Le concours pour devenir Meilleur ouvrier de France est d'une impitoyable difficulté. Romain Pellet a décroché son col tricolore en 2015, quatre ans après un premier échec.
Ne cherchez pas de jambon rose fluo: ici, tout est sans nitrites, et sans colorants.
Traiteur-dragueur. Si la charcuterie est aujourd'hui tendance, notamment sur les réseaux sociaux, cela n'a pas toujours été le cas. «Quand j’ai commencé, c'était un peu has-been. Pour draguer, je parlais plutôt de mon côté traiteur», se remémore le chef. Mais il convient que depuis, la formation de charcutier-traiteur est revenue en odeur de sainteté: «Il faut dire que c’est un métier polyvalent, ni monotone ni ennuyeux, qui englobe de nombreuses techniques culinaires».
Le cœur léger. Aujourd'hui, il assure «avoir à cœur d'alléger ses recettes», par exemple en réduisant le sel. Pour compenser la perte de saveur, ses préparations sont marinées plus longuement. Le MOF privilégie en outre l’ajout de jus de viandes réduits, pour accentuer les goûts. Pour le moelleux, que l’on associe traditionnellement au gras, Romain préfère jouer sur des viandes cuites à très basse température, confites dans leurs jus. Autant de techniques qui rappellent que la charcuterie évolue encore de nos jours.

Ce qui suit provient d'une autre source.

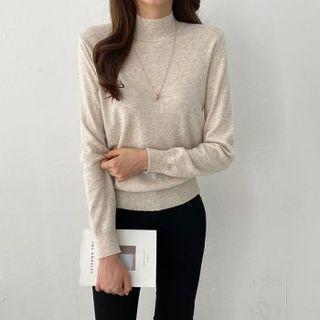 Mock-neck Alpaca Blend Knit Top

Des ambitions? Après six ans à son compte, le fringant chef d’entreprise se dit pleinement épanoui: «Je ne renoncerai pour rien au monde à mon indépendance: c’est la liberté!». Dans un coin de sa tête, trotte encore la passion des concours, avec l’envie - pourquoi pas - de participer au Championnat du Monde du Pâté-Croûte. Le chef, qui maîtrise aussi la langue de Shakespeare, s’évade aussi de temps en temps, pour donner des cours à l’étranger: «Je reviens de Singapour. Ce sera Londres en juin, puis Macao. J’adore voyager». Romain rêve aussi de développer des ateliers de charcuterie destinés aux gourmets, professionnels ou amateurs, et d'accroître ses partenariats avec les restaurateurs locaux. On en salive d'avance.